Glu-plasminogen (1 μM) was bound to platelets as indicated in Methods. A. After treatment with 50 μg/ml CpB, monocytes (●) or neurons (■) were incubated with plasminogen-bearing platelets at varying concentrations (0 to 1.510⁶/well) in the presence of 0.75 mM CBS0065. The formation of plasmin (mOD/min) was detected by measuring the release of p-nitroaniline. Inset. Detection of plasmin formation on platelets (1.8×10⁶) in the absence of cells or incubated with monocytes or neurons (10⁵ cells). Results are expressed as rate of plasmin formation (mean ± SEM, n = 3). B. Glu plasminogen (1 μM) was bound to platelets as indicated in Methods. After treatment with 50 μg/ml CpB, endothelial microparticles (EMP) were incubated with 5×10⁶ platelets bearing plasminogen (●) or with 3 nM plasminogen (concentration equivalent to that bound to platelets), or with buffer (▲) in the presence of 0.75 mM CBS0065. The formation of plasmin (mOD/min) was detected by measuring the release of p-nitroaniline. Results are expressed as rate of plasmin formation (n = 3). A representative experiment is shown.

Figure 6. Efficiency and specificity of the plasminogen cross-talk

Glu-plasminogen (1 μM) was bound to platelets as indicated in Methods. A. After treatment with 50 μg/mL CpB, adherent monocytes were incubated with 5×10⁶ platelets bearing plasminogen (cross-talk) or with plasminogen (concentration equivalent to plasminogen bound to platelets) (same surface) in the presence of 0.75 mM CBS0065. In a parallel experiment, uPA (concentration equivalent to uPA bound to monocytes) was incubated with 5×10⁶ platelets bearing plasminogen (free uPA) in the presence of 0.75 mM CBS0065. Results are expressed as rate of plasmin formation (mean ± SEM, n = 3, triplicates). NS: non significant (p = 0.078) *p <0.005, ^#p<0.014. B. Monocytes were incubated with 1 nM of native uPA and varying concentrations of a non-active mutant uPA (r-scuPA-Gly¹⁵⁹). Monocytes were then incubated with 5×10⁶ platelets bearing plasminogen, in the presence of 0.75 mM CBS0065. The formation of plasmin (mOD/min) was detected by measuring the release of p-nitroaniline (mean ± SEM, n = 2, triplicates). A representative experiment is shown (p = 0.023, 0 vs 5 nM r-scuPA-Gly¹⁵⁹).

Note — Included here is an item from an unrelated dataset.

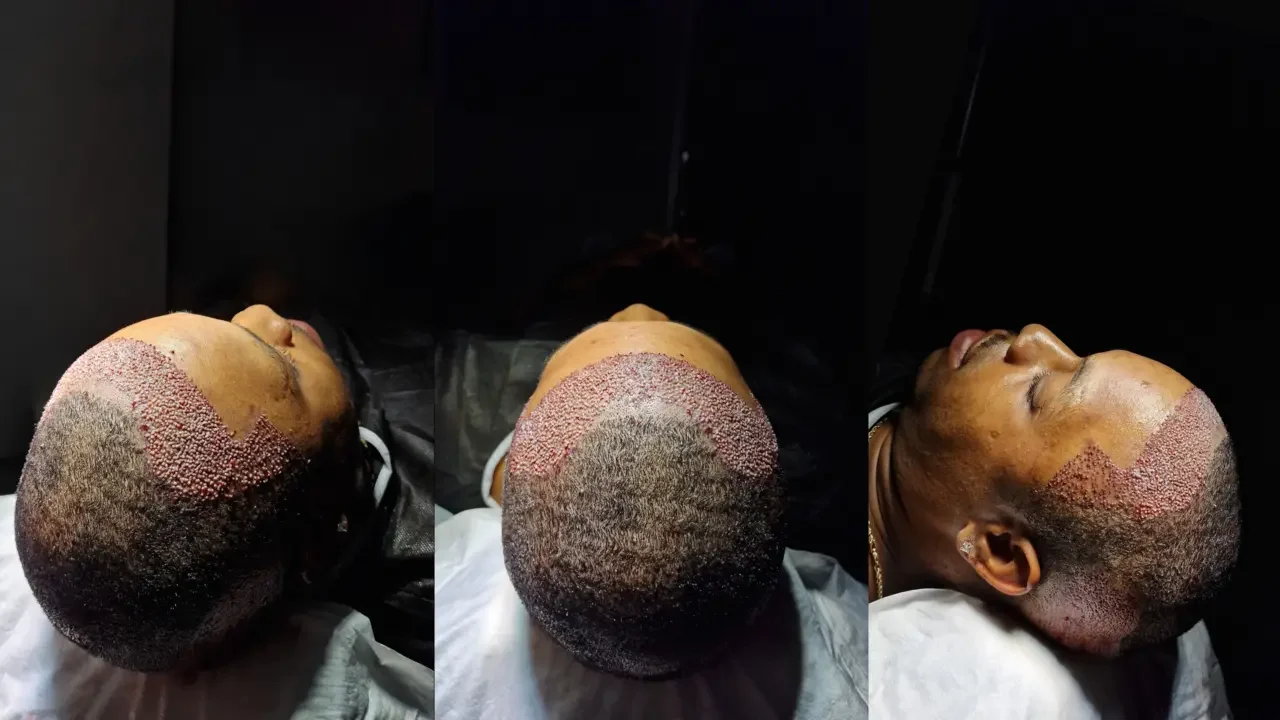 afro hair transplant operation in turkey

Figure 7. Model of fibrinolytic and proteolytic cross-talk

In inflammatory processes of the vascular wall, activation of coagulation leads to fibrin deposits. Within this setting and according to data presented here, the fibrinolytic cross-talk mechanism could be an intermediary pathway for fibrinolysis and pericellular proteolysis. Fibrinolytic effects (upper part): plasminogen (Pg) bound to fibrin or to platelets could be activated by either monocyte- or microparticle-borne uPA (EMP or monocyte-derived microparticles, MoMP). In extracellular matrix (ECM) remodeling in the vascular wall (lower part), plasminogen bound to matrix components could be activated by microparticle-borne uPA (EMP or MoMP) or by macrophage-borne uPA.